PROBLEM REQUIREMENTS> From the listing below, return every line with the string "empleo" in it.

INPUT FOR THIS TASK>
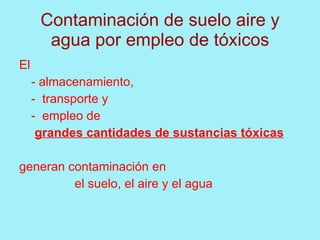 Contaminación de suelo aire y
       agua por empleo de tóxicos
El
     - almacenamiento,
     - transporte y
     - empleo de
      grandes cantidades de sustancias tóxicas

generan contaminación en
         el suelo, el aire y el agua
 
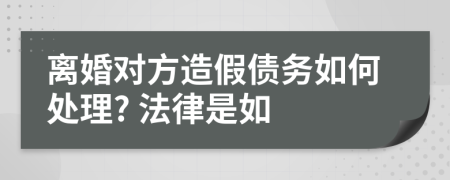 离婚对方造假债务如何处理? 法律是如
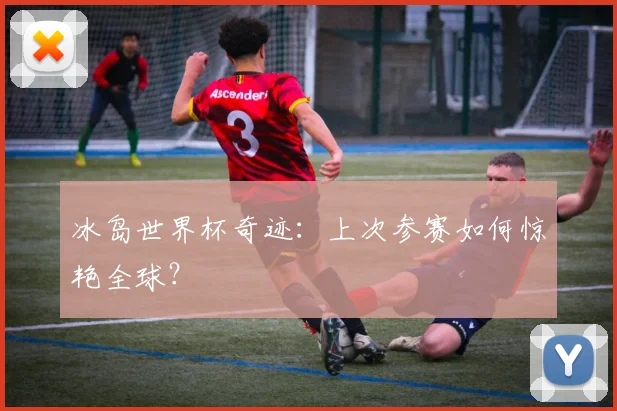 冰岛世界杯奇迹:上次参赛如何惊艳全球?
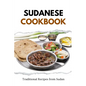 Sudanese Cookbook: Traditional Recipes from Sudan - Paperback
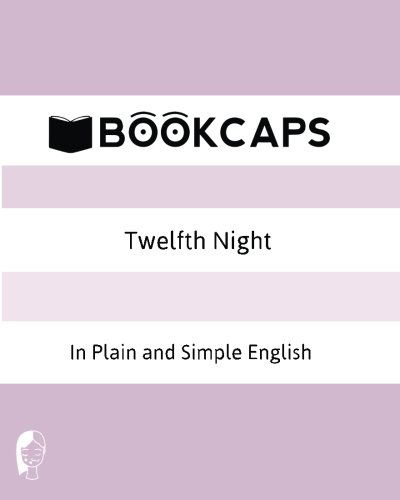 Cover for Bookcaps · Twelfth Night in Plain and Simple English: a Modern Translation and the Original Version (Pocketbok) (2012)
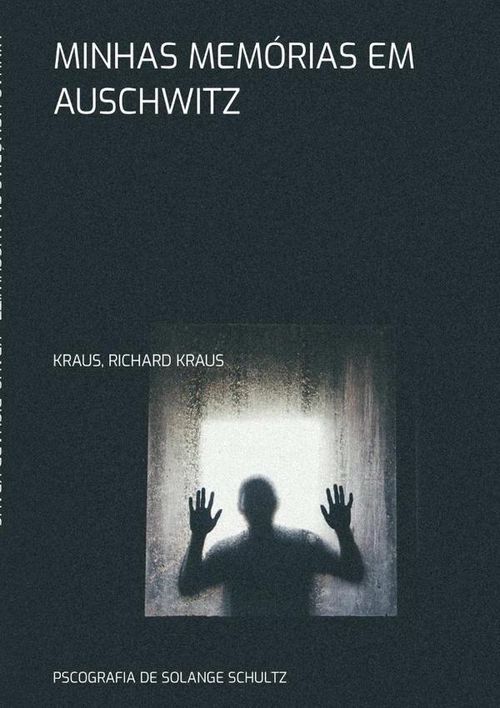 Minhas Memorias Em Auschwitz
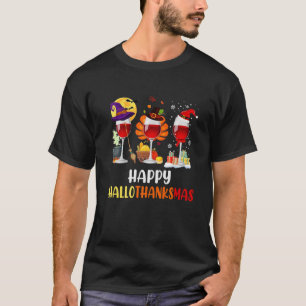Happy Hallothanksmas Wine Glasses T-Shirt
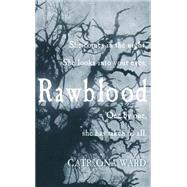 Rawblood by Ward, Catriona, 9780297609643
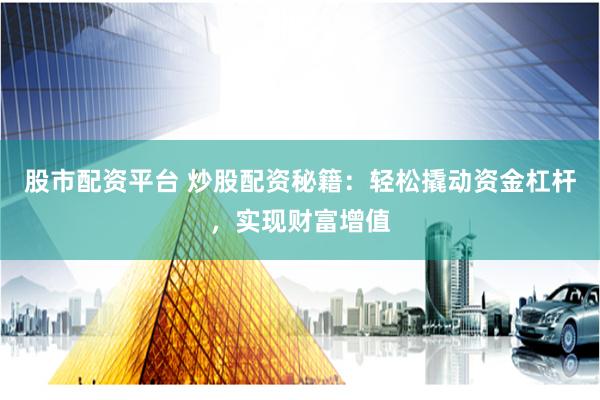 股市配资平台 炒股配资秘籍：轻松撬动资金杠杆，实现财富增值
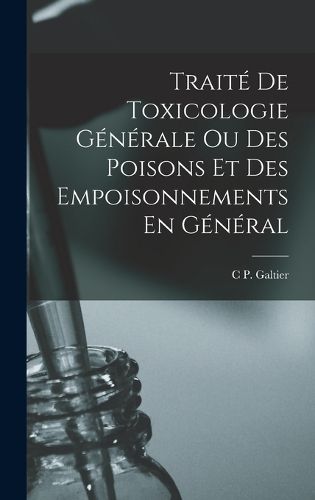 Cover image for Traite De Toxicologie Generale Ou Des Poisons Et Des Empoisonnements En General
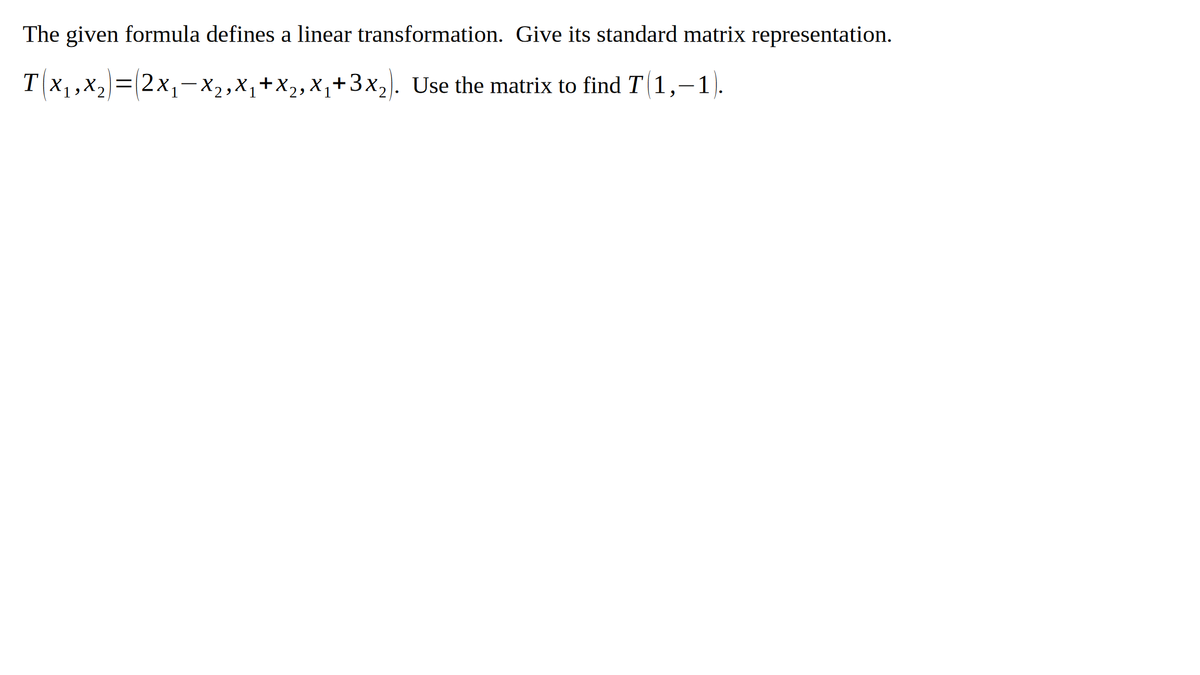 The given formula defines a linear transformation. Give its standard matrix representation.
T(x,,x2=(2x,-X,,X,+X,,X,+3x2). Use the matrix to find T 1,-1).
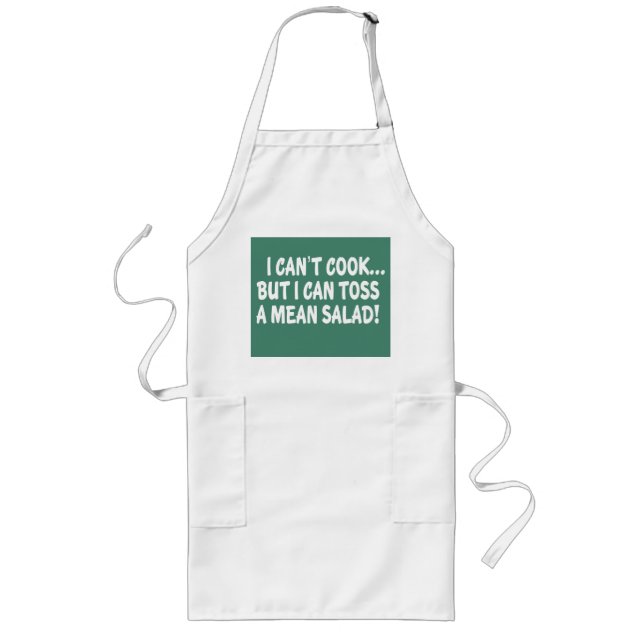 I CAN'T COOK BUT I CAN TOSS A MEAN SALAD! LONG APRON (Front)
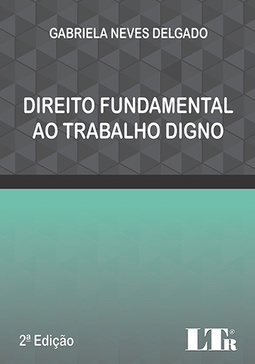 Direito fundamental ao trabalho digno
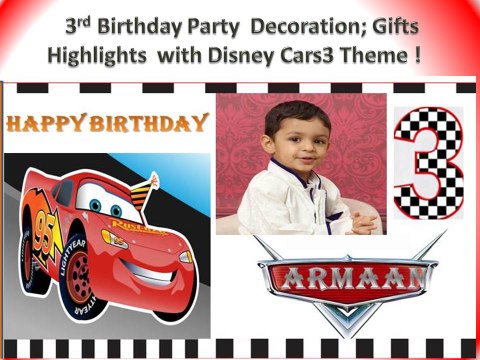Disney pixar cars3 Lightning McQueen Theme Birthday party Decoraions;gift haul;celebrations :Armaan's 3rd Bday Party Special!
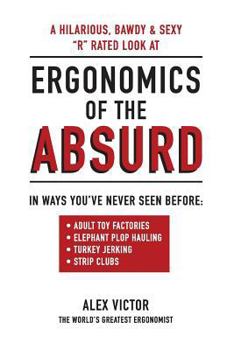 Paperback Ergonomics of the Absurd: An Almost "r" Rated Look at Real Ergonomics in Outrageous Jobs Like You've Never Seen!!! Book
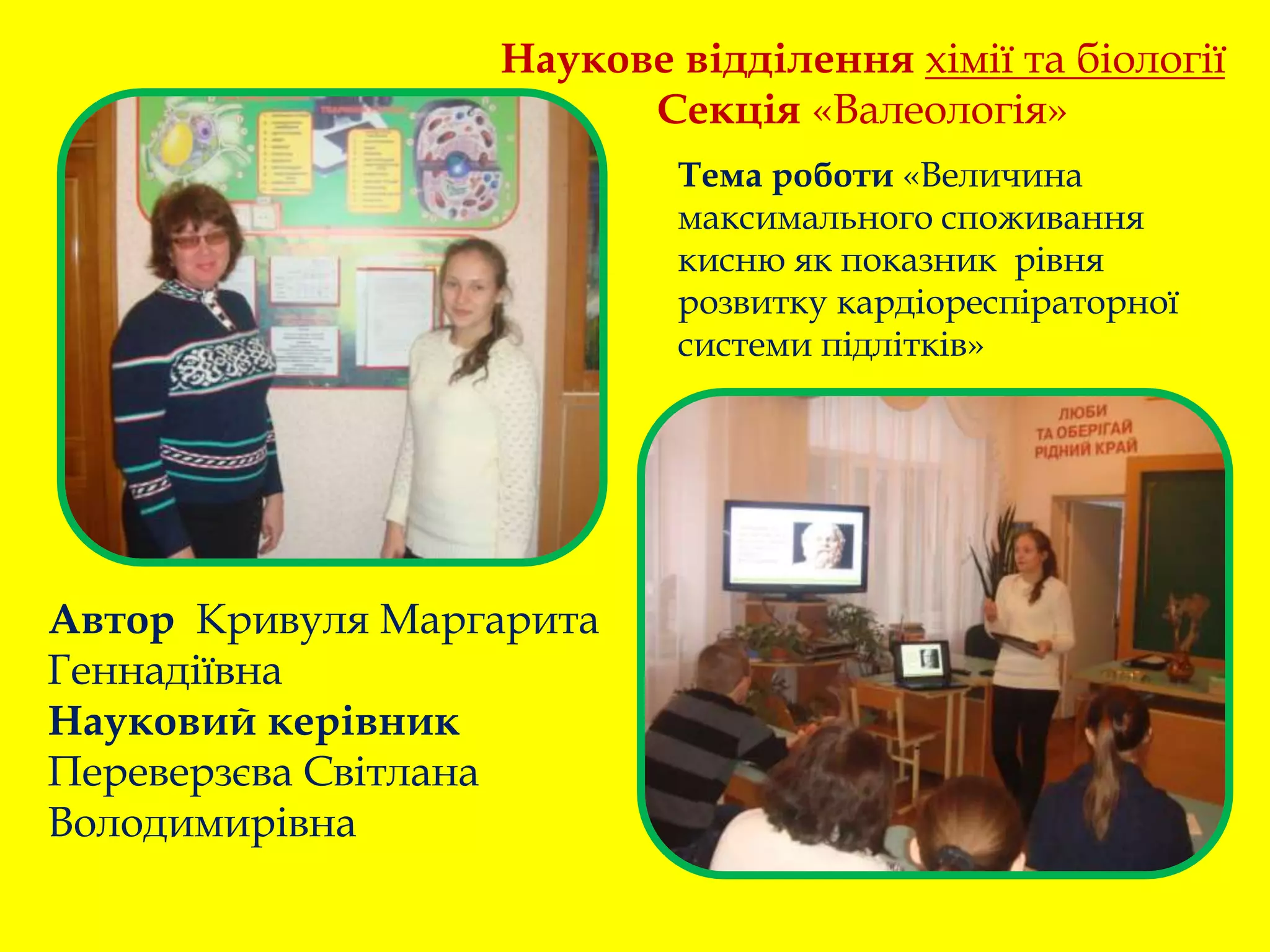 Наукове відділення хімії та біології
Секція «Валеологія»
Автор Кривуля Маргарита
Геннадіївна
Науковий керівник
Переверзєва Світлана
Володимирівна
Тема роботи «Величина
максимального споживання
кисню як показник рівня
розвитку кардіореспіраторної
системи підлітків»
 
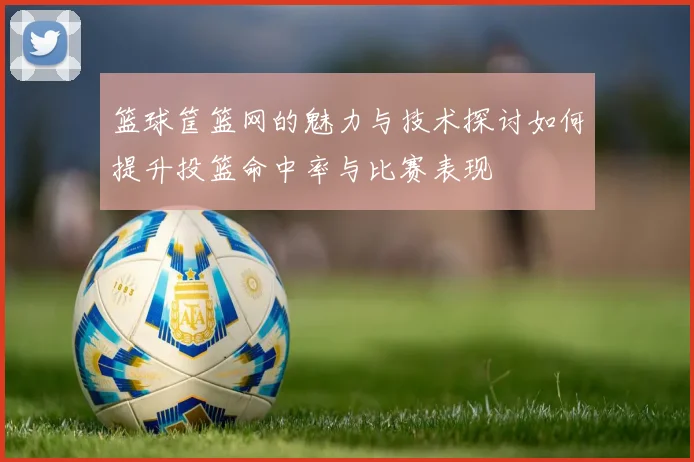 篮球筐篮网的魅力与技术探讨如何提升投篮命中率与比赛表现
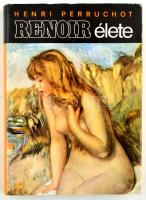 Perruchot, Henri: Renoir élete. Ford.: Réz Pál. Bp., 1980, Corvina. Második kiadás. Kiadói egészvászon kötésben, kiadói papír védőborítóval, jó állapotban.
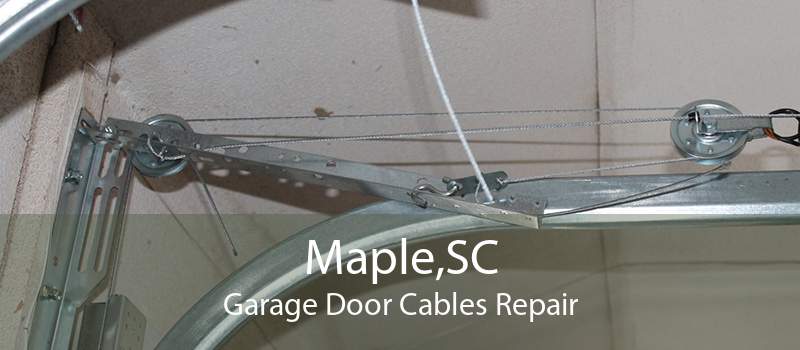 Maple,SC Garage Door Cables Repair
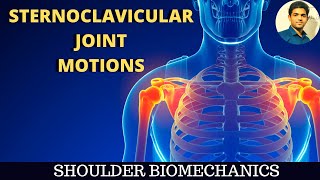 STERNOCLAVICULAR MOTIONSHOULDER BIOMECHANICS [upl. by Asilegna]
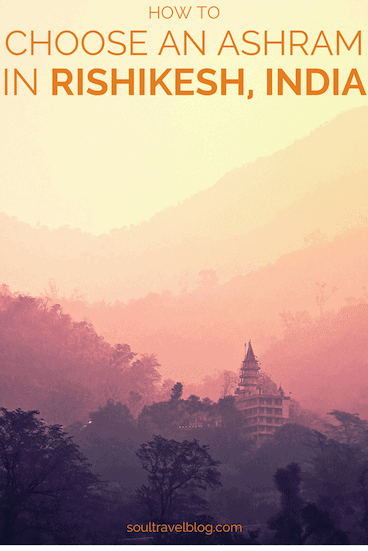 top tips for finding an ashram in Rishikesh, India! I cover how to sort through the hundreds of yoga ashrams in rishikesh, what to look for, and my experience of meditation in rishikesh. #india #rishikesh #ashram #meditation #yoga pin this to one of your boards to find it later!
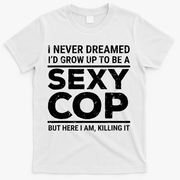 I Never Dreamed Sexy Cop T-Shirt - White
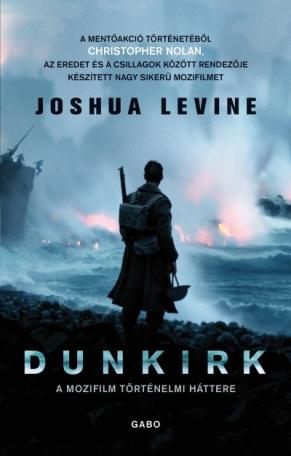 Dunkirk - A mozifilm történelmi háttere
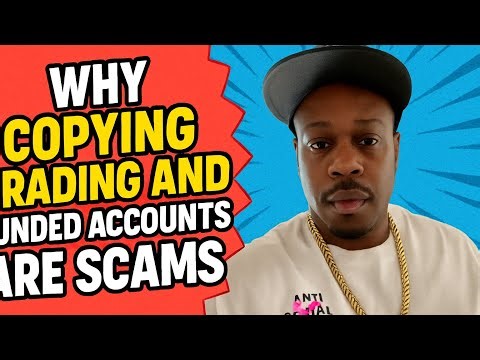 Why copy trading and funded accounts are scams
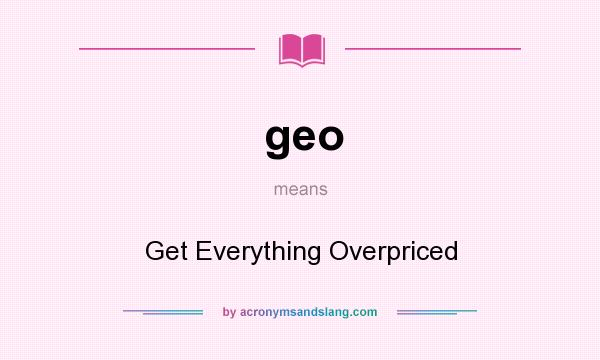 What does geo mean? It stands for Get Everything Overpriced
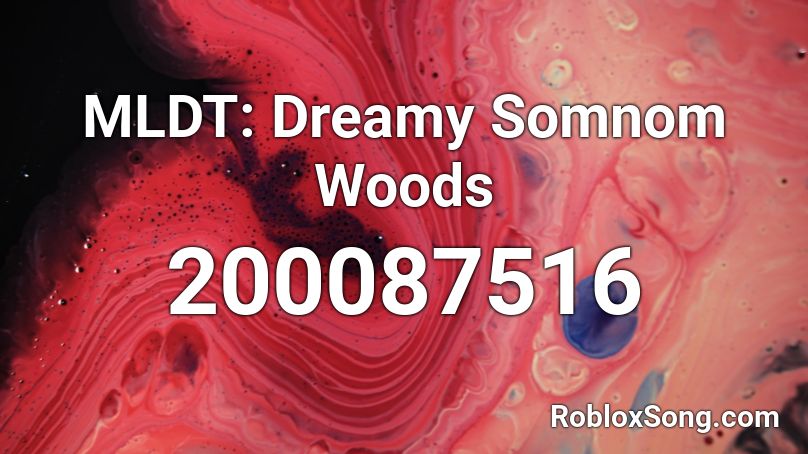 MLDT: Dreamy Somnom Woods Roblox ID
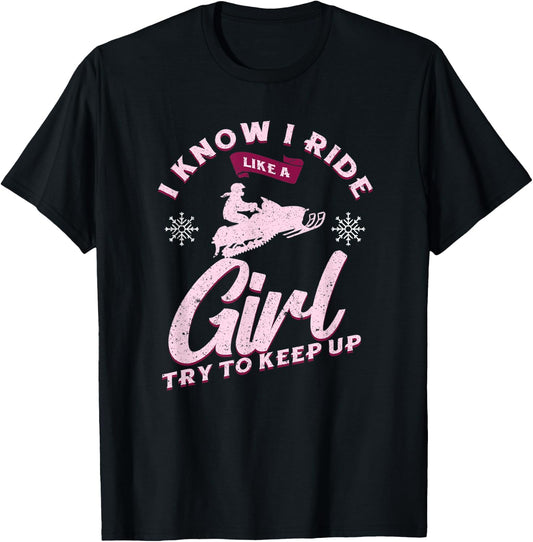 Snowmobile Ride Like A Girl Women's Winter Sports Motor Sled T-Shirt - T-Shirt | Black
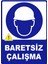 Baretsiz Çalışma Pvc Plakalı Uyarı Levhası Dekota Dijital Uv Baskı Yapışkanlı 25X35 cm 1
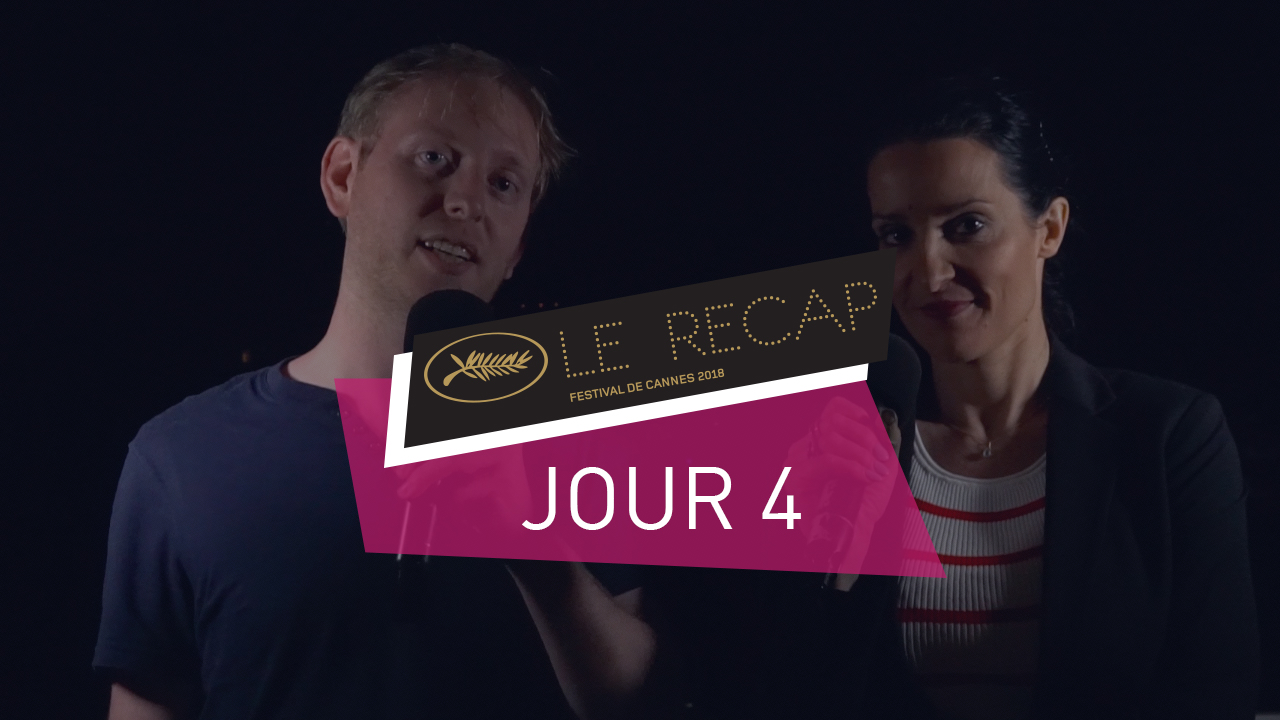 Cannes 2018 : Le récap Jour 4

ANSWER TO THE EXERCISE>
       agua por empleo de tóxicos
     - empleo de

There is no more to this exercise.